Hace dos años Barack Obama generó una oleada de esperanza y renovación de tal magnitud que está a punto de convertirse, en una suerte de boomerang político, en un alud de desencanto, augurado por el mayor batacazo electoral a mitad de un mandato presidencial desde los años treinta. Los republicanos han recuperado el control de la cámara de representantes y han rozado el del senado, aunque arrastren ahora el lastre político e ideológico de administrar los exabruptos racistas e histriónicos del Partido de la teína. Es comprensible que así haya sido; Obama no ha decepcionado, sino que lo hacen los tiempos, o, más bien, los tempos de la política, su administración, y la difícil visualización inmediata y mediática de las medidas correctoras, de los avances sociales, pese a que haya conseguido alguno de los más importantes en muchas décadas. Sin embargo, para aprovechar el desaliento de la gente siempre hay un simpático teórico de derechas dispuesto a revelarnos la receta mágica: recortar o privatizar derechos y conquistas ciudadanas para recuperar la rentabilidad y pretendida eficiencia de la cosa pública. Como en las empresas, vaya (también en las de Díaz Ferrán). Sarkozy o Cameron, y ahora, puesto en copia, Rajoy. Y da igual que salga a la calle quien salga a reclamar lo que es suyo, en París, en Madrid...

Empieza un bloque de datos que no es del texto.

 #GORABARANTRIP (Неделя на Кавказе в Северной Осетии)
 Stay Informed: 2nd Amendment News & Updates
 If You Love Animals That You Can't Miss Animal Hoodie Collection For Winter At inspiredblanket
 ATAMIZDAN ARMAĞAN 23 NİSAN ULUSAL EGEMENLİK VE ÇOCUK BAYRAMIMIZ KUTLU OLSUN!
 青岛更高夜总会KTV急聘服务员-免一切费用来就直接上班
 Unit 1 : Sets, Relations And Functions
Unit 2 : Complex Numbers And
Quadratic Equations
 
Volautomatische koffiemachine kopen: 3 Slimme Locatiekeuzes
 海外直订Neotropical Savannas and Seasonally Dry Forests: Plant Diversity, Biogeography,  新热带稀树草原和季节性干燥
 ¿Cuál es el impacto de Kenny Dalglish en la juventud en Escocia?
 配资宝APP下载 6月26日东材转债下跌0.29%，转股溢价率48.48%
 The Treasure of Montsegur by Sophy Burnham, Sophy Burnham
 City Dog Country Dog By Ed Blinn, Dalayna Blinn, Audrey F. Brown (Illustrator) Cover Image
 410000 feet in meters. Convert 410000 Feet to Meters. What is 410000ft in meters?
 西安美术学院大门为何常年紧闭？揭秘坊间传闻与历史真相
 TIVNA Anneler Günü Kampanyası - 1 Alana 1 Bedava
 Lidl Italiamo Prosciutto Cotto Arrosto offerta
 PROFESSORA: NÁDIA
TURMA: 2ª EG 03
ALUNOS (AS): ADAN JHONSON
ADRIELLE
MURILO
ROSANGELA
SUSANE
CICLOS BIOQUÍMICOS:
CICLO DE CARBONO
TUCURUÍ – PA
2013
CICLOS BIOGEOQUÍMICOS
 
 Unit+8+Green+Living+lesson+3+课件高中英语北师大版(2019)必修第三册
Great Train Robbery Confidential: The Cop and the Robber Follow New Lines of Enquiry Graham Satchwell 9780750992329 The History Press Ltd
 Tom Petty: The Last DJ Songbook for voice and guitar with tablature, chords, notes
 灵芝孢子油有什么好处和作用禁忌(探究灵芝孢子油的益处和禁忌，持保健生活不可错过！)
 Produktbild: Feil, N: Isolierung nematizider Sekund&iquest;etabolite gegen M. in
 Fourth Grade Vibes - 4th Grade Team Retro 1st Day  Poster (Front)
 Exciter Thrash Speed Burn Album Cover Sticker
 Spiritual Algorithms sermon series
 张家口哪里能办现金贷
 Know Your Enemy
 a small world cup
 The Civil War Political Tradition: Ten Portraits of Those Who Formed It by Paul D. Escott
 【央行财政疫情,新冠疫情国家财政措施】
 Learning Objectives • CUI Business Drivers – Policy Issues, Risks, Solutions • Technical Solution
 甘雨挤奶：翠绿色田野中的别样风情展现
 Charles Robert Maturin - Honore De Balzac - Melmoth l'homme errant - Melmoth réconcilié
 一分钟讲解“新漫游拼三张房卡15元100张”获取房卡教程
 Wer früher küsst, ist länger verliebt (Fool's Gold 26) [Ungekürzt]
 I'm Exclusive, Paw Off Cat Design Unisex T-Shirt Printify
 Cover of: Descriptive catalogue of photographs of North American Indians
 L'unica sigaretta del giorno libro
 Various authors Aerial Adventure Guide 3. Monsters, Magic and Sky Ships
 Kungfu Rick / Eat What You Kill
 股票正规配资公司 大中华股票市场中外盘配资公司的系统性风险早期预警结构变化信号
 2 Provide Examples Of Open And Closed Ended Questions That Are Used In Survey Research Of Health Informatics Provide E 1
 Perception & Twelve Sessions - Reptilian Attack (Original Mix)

Pero esa línea de pensamiento en estos tiempos agitados acaba desembocando con cierta naturalidad en andanadas ultras que invocan para tales alivios empresariales el despido de cuantos "grupos" supongan un "lastre financiero", o simplemente, el de aquellos que no coincidan con su idea de empleado modélico. Por este orden (o por otro, qué más da) tales extremistas cargan contra los inmigrantes, los homosexuales, otras razas... los "distintos" según los devotos del té que sirve Palin puntualmente, invocando la esencia de un país-empresa que sólo está y sólo cabe en cabezas tan hueras. Cabe recordar que la democracia es el único sistema político que protege a las minorías. A todas ellas, pues sólo su totalidad compone una mayoría suficiente. Y que todos formamos parte de alguna minoría. Por lo que si alguna queda fuera, ya no puede llamarse así.

Pero más allá de ese fanatismo residual, que esperemos se quede en el residuo que es, la clave de nuestros días reside en otra parte del mundo. En el modelo económico que deslumbra en esta época de penumbras, y en su manifestación política: China. El país del té. La próxima potencia dominante, si no lo es ya, parece llamada a confirmar, de manera perversa, aquellos inquietantes postulados: lo primero es el crecimiento económico, los derechos humanos pueden esperar -¿hasta cuándo?-, lo importante es producir y prevalecer, la gente es accesoria salvo para trabajar en condiciones precarias. Un escalofriante horizonte que, sin embargo, no es cuestionado en voz alta por los líderes políticos occidentales, temerosos de la alargada sombra de Pekín, amedrentados por su propia fragilidad financiera o tal vez íntimamente seducidos por el brío empresarial del Partido único. China no sólo es el gigante al fin emergido, sino que podría convertirse en el paradigma emergente, pero se asemeja alarmantemente a una versión reverdecida, o posmoderna, de los viejos totalitarismos occidentales.